> _What you will do_
For the entries that follow, retype exactly the lines from the one containing "Breitkörperige Chaser Libelle" to the one containing "Est-il éthique de", inclusive, and only those. Images stay out of the copy.

[Material to process Boundary: Start]

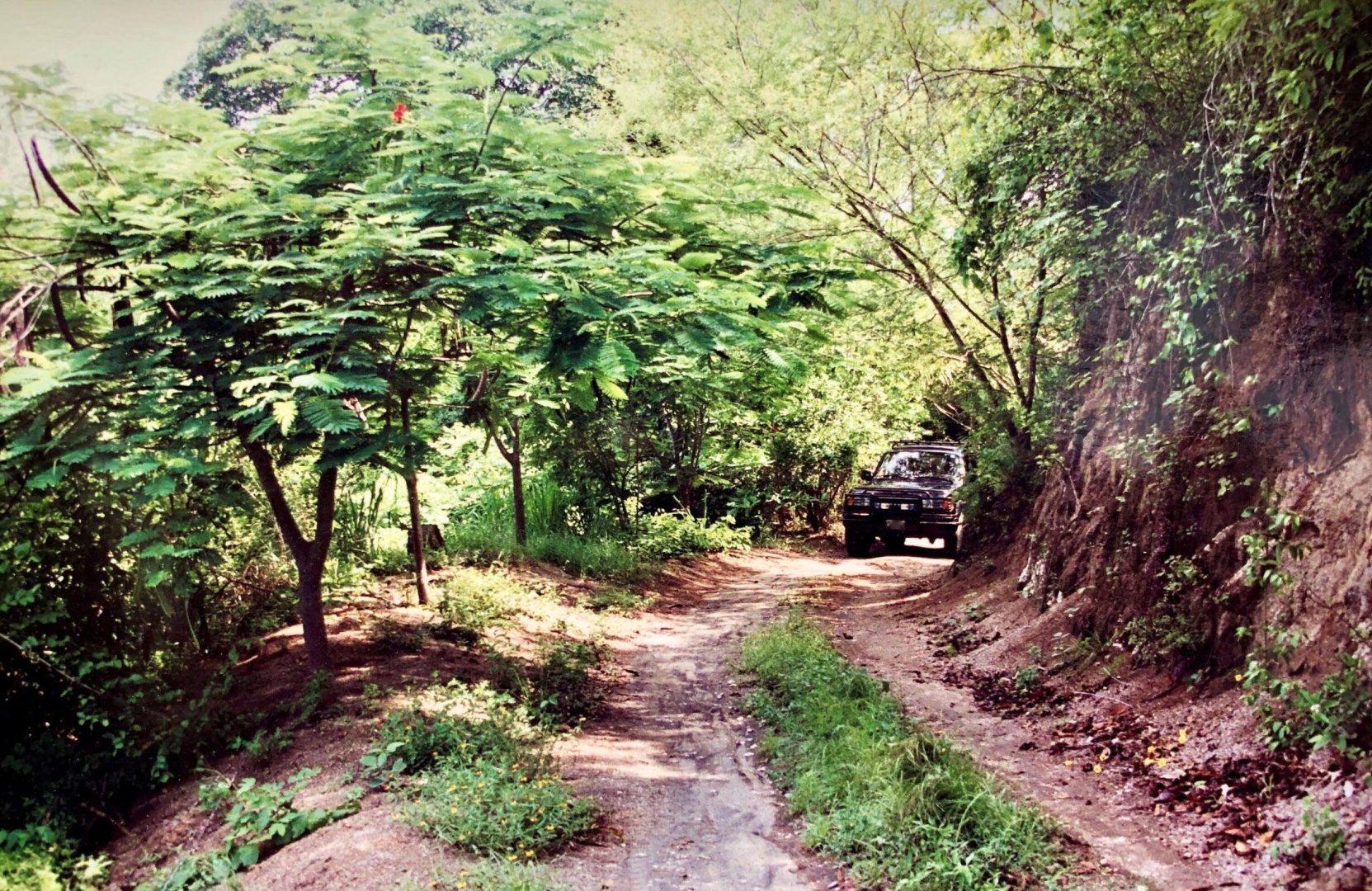 20240313185642430284000000-o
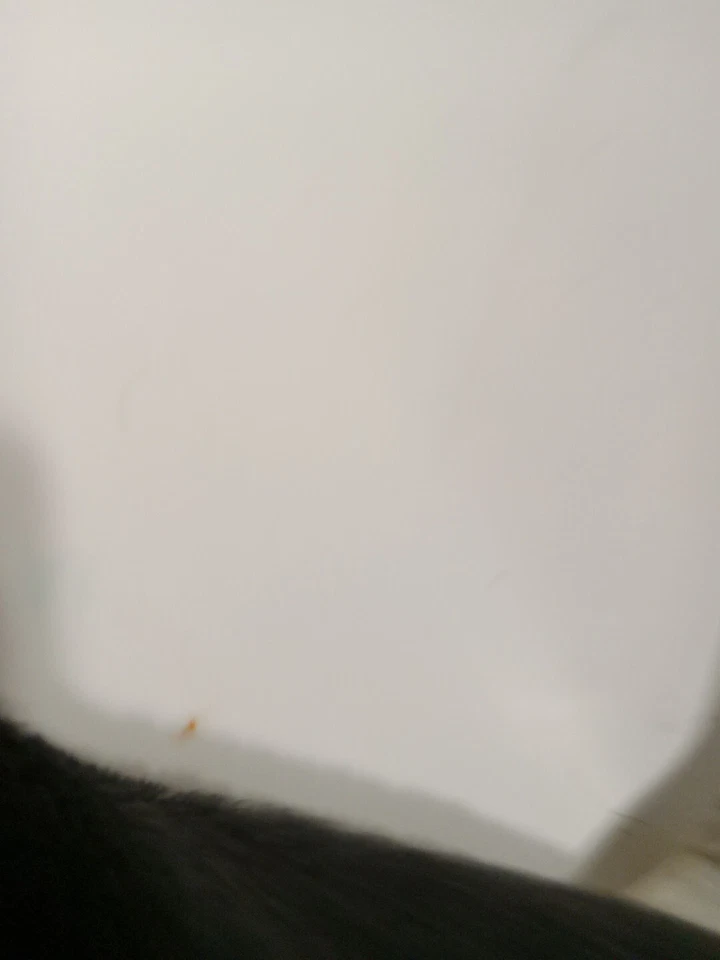 Trimble TrimTrac Pro 70200-00 Locator with Provisioning Module 54207-05 - Image 2 of 4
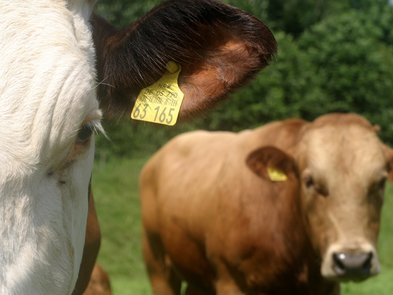 Rinder mit Kontrollmarke stehen auf der Wiese.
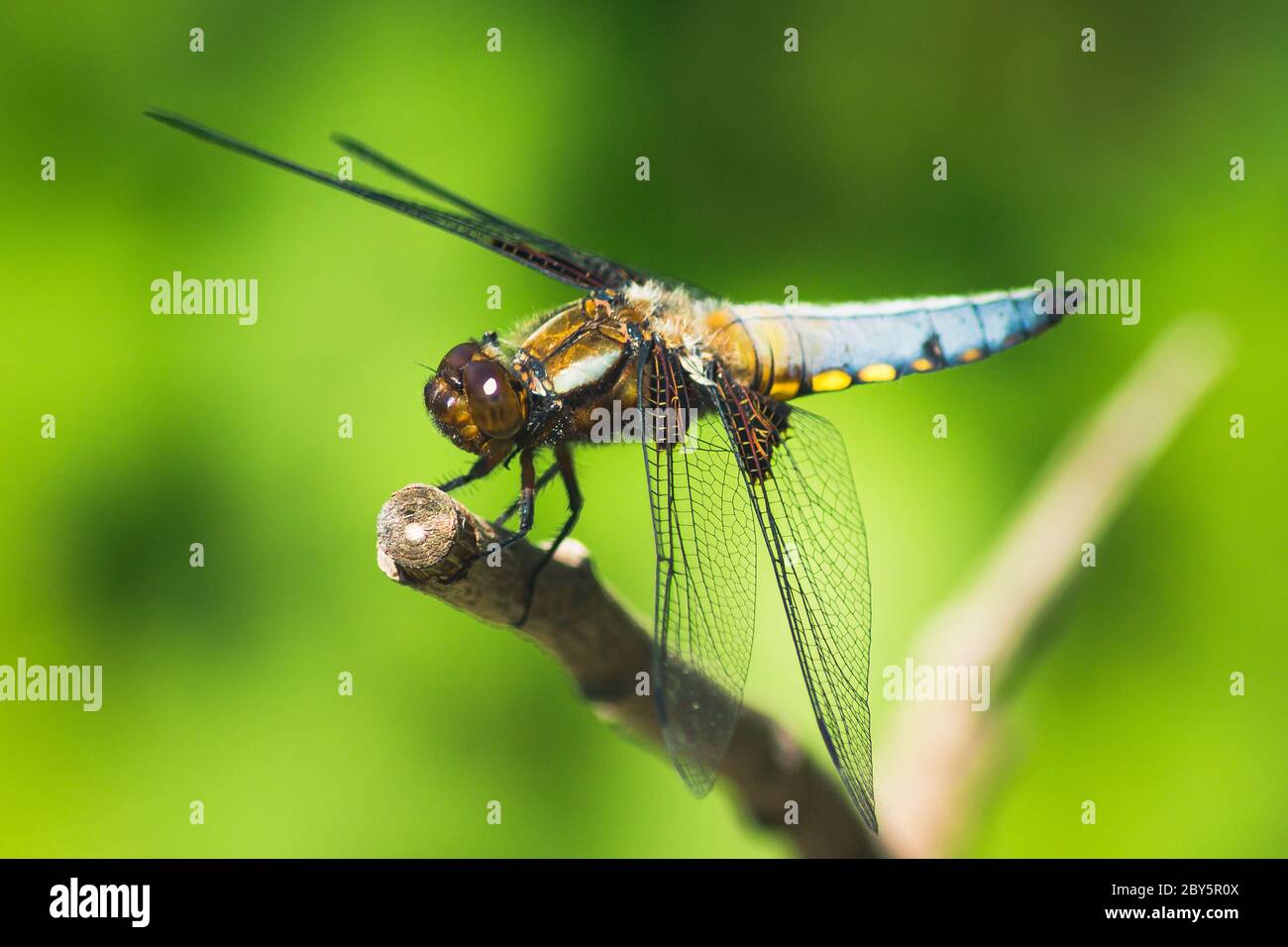 Breitkörperige Chaser Libelle auf einem Zweig sitzend Stockfoto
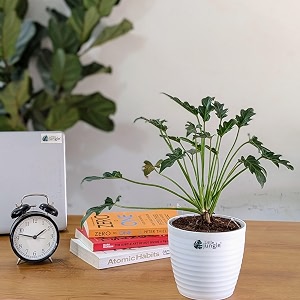 littlejungle philodendron xanadu - live plant with 55 inches white decor pot  indoor plants for home  live plants indoor  air purifying plant  live plant with pot for home decor 
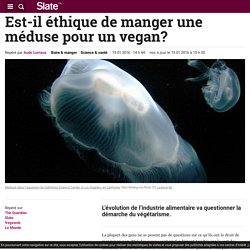 Est-il éthique de manger une méduse pour un vegan?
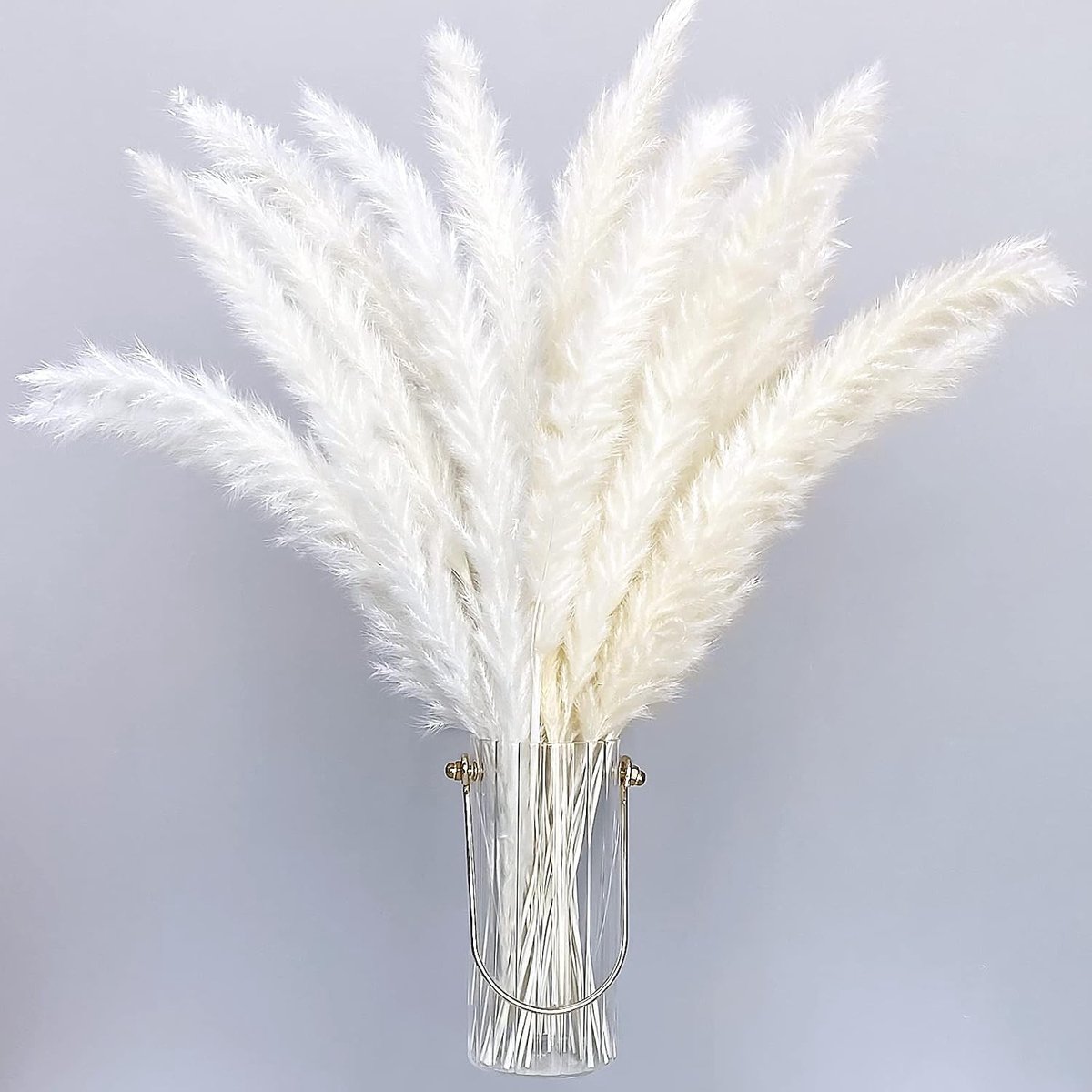 Natuurlijke Gedroogde Pampas Grassen 30 Stuks 40cm - Boho Huisdecoratie, Phragmites Communis, Bloemen voor Vazen en Bruiloften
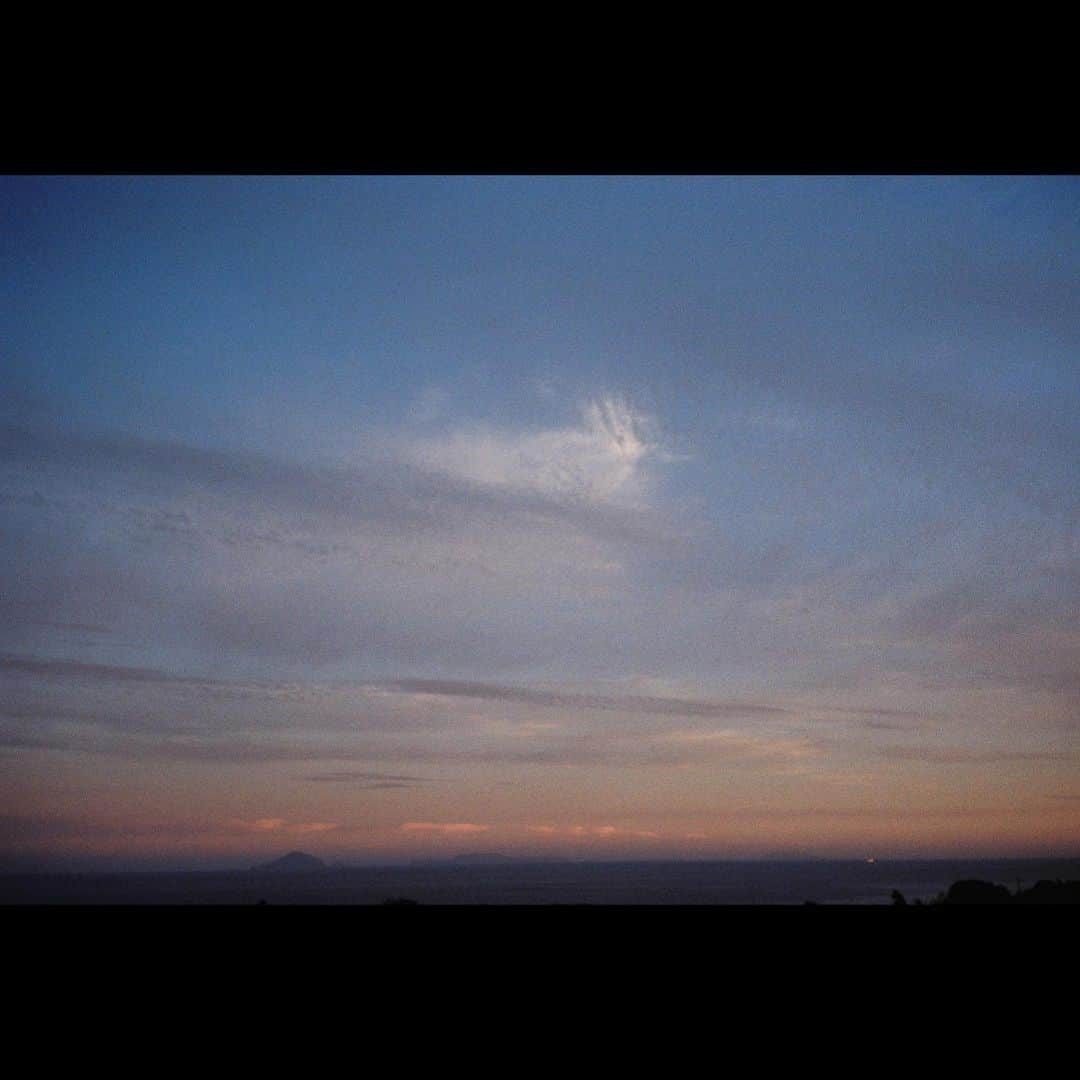 のインスタグラム：「🎞💠✨ 犬と猫と空、 #film  #filmcamera」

[Material to process Boundary: End]

> _Output_
 Breitkörperige Chaser Libelle auf einem Zweig sitzend Stockfoto
 littlejungle philodendron xanadu - live plant with 55 inches white decor pot  indoor plants for home  live plants indoor  air purifying plant  live plant with pot for home decor 
 Est-il éthique de manger une méduse pour un vegan?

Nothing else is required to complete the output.